These Terms and Conditions (the "Agreement") set forth the terms by which you (either an individual or an entity) (“you”) may access and use the hardware and software made available to you by Advanced Micro Devices, Inc. (“AMD”), and apply to all users who access the AMD Instinct GPU Evaluation Program (the “Program”).
IMPORTANT - READ CAREFULLY: DO NOT ACCESS OR USE THE PROGRAM UNTIL YOU HAVE CAREFULLY READ AND AGREED TO THE FOLLOWING TERMS AND CONDITIONS. This is a legal agreement between you and AMD. If you will use the Program as an employee or other representative of a corporation, partnership or other legal entity, then you must be authorized to sign for and bind that entity to accept the terms of this Agreement. Any references to “you” in this Agreement refer to the entity you represent.
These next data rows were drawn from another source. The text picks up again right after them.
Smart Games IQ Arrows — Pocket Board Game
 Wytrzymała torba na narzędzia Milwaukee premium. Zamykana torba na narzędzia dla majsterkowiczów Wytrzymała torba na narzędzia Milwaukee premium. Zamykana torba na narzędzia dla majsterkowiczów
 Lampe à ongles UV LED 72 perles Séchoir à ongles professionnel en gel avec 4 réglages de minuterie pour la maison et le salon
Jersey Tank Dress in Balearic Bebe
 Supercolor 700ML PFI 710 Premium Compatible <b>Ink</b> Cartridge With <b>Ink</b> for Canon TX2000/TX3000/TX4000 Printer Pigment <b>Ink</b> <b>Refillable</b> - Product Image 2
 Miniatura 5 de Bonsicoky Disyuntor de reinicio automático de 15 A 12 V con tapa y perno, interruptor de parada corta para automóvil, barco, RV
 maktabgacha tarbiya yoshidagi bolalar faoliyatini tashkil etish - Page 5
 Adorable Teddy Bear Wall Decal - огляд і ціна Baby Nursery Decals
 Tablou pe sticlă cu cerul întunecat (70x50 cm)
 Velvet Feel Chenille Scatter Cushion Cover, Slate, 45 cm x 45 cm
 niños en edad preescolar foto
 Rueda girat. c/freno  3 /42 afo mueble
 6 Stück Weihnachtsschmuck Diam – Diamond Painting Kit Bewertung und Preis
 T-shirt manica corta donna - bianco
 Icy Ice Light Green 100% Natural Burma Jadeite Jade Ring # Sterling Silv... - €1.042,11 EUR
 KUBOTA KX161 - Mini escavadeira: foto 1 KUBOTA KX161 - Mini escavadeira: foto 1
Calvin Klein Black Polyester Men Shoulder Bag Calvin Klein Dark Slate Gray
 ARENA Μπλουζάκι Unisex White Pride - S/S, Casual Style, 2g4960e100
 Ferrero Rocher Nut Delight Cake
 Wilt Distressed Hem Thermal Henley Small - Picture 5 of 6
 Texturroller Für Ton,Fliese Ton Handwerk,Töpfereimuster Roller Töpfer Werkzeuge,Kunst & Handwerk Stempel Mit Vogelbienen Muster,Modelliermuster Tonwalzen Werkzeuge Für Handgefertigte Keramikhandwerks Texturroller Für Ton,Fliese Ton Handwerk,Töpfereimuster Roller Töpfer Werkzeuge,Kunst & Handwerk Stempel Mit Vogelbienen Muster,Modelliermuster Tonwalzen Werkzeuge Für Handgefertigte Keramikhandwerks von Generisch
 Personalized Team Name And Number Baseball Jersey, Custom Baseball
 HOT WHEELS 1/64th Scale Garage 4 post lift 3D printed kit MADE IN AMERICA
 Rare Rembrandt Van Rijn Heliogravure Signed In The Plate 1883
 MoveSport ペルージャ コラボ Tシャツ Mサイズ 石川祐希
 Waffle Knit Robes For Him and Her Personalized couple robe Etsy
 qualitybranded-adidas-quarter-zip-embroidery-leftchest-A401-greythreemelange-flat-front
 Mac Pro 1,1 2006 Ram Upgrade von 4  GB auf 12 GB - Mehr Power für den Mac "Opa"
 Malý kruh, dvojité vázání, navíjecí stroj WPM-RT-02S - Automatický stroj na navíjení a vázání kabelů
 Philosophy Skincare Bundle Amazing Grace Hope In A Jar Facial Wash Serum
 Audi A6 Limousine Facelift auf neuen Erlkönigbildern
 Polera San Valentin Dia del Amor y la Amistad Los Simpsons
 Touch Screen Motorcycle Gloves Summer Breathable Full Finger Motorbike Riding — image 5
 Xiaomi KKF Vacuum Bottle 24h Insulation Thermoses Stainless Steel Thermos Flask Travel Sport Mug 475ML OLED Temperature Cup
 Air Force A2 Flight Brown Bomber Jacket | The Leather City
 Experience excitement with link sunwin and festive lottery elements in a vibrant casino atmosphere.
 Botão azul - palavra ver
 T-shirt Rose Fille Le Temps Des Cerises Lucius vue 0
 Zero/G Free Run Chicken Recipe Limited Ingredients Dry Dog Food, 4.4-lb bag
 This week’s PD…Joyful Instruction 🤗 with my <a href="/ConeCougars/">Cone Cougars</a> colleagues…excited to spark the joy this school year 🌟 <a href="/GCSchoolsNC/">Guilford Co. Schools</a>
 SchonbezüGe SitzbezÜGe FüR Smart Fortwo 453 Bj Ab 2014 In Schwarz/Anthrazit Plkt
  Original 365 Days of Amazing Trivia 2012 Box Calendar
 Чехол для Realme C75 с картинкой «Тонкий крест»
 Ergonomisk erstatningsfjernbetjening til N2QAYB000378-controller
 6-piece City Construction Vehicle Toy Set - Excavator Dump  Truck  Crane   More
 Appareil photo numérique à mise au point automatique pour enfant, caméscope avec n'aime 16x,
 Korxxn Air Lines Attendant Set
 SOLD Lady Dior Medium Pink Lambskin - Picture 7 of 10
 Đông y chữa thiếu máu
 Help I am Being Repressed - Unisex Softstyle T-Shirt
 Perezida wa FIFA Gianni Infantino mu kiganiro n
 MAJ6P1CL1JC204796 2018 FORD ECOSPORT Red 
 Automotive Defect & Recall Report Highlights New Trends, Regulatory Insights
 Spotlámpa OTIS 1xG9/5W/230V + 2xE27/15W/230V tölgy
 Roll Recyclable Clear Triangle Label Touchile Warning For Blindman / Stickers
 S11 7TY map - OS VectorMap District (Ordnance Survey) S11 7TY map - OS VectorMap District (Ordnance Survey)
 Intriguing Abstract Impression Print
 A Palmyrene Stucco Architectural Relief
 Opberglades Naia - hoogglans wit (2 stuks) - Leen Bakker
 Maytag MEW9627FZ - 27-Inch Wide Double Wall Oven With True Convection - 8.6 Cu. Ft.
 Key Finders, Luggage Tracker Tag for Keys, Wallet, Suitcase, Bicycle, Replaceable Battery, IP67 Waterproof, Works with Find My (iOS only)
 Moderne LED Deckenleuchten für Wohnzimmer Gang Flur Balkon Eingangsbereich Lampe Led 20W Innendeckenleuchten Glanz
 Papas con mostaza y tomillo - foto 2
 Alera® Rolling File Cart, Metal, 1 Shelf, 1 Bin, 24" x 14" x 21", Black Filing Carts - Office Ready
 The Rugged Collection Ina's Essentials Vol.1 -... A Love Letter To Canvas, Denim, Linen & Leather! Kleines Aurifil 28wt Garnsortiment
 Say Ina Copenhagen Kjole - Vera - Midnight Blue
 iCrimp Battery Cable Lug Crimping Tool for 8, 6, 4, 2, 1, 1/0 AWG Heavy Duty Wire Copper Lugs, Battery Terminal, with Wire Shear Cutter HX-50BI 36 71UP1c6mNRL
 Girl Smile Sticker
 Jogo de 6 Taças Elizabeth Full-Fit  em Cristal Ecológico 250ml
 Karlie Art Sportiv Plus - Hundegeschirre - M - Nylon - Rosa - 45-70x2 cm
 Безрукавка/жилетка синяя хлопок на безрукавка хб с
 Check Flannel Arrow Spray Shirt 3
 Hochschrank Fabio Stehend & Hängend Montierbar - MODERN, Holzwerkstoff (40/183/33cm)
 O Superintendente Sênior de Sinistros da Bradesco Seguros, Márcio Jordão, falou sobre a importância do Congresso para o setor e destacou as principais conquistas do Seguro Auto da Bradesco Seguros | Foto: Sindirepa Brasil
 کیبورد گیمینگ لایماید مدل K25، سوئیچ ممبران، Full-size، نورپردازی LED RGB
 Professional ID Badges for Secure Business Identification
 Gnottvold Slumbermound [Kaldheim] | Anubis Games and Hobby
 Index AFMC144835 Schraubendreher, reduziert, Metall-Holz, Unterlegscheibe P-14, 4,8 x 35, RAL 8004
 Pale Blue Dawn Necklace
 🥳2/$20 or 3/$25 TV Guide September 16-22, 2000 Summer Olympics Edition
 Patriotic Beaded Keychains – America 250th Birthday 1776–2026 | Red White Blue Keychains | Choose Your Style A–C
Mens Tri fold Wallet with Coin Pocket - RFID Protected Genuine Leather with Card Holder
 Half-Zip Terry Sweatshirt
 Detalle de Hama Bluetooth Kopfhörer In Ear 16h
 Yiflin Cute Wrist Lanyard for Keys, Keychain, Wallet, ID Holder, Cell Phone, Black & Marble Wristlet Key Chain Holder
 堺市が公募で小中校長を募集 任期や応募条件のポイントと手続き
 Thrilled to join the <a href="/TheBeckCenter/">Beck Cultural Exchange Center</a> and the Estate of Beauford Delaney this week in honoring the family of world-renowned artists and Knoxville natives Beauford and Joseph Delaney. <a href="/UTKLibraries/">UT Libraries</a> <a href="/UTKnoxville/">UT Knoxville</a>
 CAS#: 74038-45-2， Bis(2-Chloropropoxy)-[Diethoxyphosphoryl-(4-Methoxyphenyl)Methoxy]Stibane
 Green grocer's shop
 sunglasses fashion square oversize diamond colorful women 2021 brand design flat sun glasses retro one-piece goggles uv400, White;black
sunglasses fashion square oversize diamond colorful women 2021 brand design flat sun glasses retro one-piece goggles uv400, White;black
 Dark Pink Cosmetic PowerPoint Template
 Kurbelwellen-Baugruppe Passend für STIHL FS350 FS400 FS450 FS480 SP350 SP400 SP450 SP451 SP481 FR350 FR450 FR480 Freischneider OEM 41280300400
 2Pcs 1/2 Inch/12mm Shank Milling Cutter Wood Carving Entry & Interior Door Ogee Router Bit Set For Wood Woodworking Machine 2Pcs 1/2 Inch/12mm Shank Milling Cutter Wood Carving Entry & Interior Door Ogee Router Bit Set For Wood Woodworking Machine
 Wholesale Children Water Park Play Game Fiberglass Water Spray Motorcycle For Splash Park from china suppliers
BY ACCESSING THE PROGRAM, YOU ARE ACCEPTING THE TERMS AND CONDITIONS OF THIS AGREEMENT. IF YOU DO NOT AGREE TO THE TERMS OF THIS AGREEMENT, DO NOT ACCESS OR USE THE PROGRAM.
Access to the AMD Instinct™ GPU Evaluation Program.
Subject to the terms and conditions of the Agreement, AMD hereby grants to you a personal, limited, non-exclusive, non-transferable, non-sublicensable, revocable, right to access and to use the Program. Except as set forth in this Agreement, no other rights, licenses, or interests are granted, whether through contract or arising under law. All other rights and interests are reserved.
Access to the Program will be provided through one or more third-party cloud service provider’s online platform (“Platform(s)”). AMD may add or remove cloud service providers to or from the Program. AMD may, in its sole discretion, provide access to the Program through a Platform of AMD’s choice. AMD reserves the right to change the Platform providing your service at any time. To participate in the Program, you may be required to sign up for an account and abide by terms and conditions or other legal requirements enumerated by the Program and/or the Platform.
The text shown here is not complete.